On July 16, A New Way of Life partnered with the enFOLD Collective to showcase our Testif-i multimedia initiative through the Black–Still installation at the Craft Contemporary museum. Evie, a member of our 2022 Testif-i cohort, shared her powerful reentry story: the challenges she’s faced, the support she’s received, and the resilience she’s practiced while being true to herself on her healing journey.
Testif-i is a storytelling platform that highlights the lived experiences of formerly incarcerated women and their families, whose stories are often left unheard due to the systemic discrimination that they face. The initiative aims to change the narrative about mass incarceration while focusing on women’s experiences in particular. As the Sentencing Project notes, women are the fastest-growing segment of the prison population. In spite of this, stories about men tend to dominate national conversations, so Testif-i seeks to rectify that.
As a Testif-i participant, Evie expressed her passion for transforming the pain of her past into purpose. She vividly described the inhumane nature of her incarceration, during which she gave birth under degrading conditions. After incarceration, Evie made great strides in her personal and professional life. Evie became a resident at A New Way of Life, and then later accepted a position in our Administrative Department. She dreams of one day opening her own SAFE House, just like Ms. Susan Burton, whose story inspired her when she first read her memoir in prison.

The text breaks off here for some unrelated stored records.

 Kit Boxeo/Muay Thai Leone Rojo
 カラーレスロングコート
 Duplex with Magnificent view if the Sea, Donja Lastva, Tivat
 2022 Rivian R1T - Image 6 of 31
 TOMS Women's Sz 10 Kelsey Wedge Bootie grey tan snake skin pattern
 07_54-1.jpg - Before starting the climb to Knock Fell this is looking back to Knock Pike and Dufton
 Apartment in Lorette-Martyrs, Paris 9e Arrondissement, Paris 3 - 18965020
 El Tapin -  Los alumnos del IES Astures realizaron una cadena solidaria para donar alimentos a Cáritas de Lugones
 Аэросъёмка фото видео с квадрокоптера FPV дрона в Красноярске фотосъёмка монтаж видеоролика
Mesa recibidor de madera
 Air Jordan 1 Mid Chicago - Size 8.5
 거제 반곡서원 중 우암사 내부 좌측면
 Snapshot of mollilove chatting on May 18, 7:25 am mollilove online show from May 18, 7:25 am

The Black–Still installation at Craft Contemporary provided a tranquil space for sharing Evie’s story and the struggles that many formerly incarcerated women and their families face. With cool mist providing respite from a hot summer day, and with the walls drowning out the sounds of a bustling Los Angeles city street, the space invited reflection from the attendees.
This exhibit stands out as even more important in the context of a country that often does not offer any support for the 1.9 million women released from prisons and jails each year or their families. Community-based initiatives like Testif-I and Black–Still will continue to serve critical roles of providing marginalized communities with platforms for sharing their stories and changing unjust systems.